Machine learning is what you reach for when the rules stop being something you can sensibly write by hand. Instead of telling the computer how to recognize spam, you show it thousands of emails already labeled "spam" or "not spam" and let it work out the pattern itself. That inversion — from writing rules to learning them from examples — is the entire idea, and once it clicks, every algorithm in this course is a variation on it.
Traditional programming: you supply the rules
For most of the software you have ever written, you are the source of the intelligence. You think about the problem, you decide on the logic, and you encode that logic as explicit instructions. The computer just executes them faithfully.
In that world, a program takes rules (the code you wrote) and data (the input) and produces answers (the output).

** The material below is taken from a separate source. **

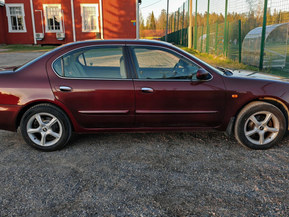 Nissan Maxima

This is how you compute a tax bill, sort a list, render a web page, or validate a form. And when you can state the rules, this is exactly the right approach. It is precise, predictable, debuggable, and you never need a single training example. Do not let anyone convince you that machine learning is the sophisticated choice and rules are the primitive one — for a problem with clear logic, hand-written rules are almost always the better engineering decision.
The first question to ask
Before reaching for machine learning, always ask: can I just write the rule? If a short, stable rule solves your problem, write it. Machine learning earns its complexity only when the rules are too numerous, too subtle, or too fast-changing to write by hand. We devote the entire next page to exactly when that line gets crossed.
Machine learning: you supply examples, it learns the rules
Now flip the diagram. With machine learning you no longer write the rules. Instead you provide data paired with the answers you want, and the algorithm produces the rules — a thing we call a model.
Put the two diagrams side by side and the inversion is stark. In traditional programming, rules go in and answers come out. In machine learning, answers go in (alongside the data) and rules come out.
That learned model is not magic. It is, quite literally, a set of rules — it is just that the computer discovered them by looking at examples, rather than receiving them from you. Sometimes those rules are human-readable (a decision tree is a stack of if/else questions you can read off). Sometimes they are a wall of numbers you would never want to read. Either way, the output of "doing machine learning" is a model: a thing that turns new inputs into predictions.
A useful one-sentence definition
Machine learning is the practice of getting a computer to learn patterns from data, so that it can make useful predictions or decisions about data it has never seen before. Every word in that sentence earns its place, especially the last clause — performance on unseen data is the whole point, as the train/test page hammered home.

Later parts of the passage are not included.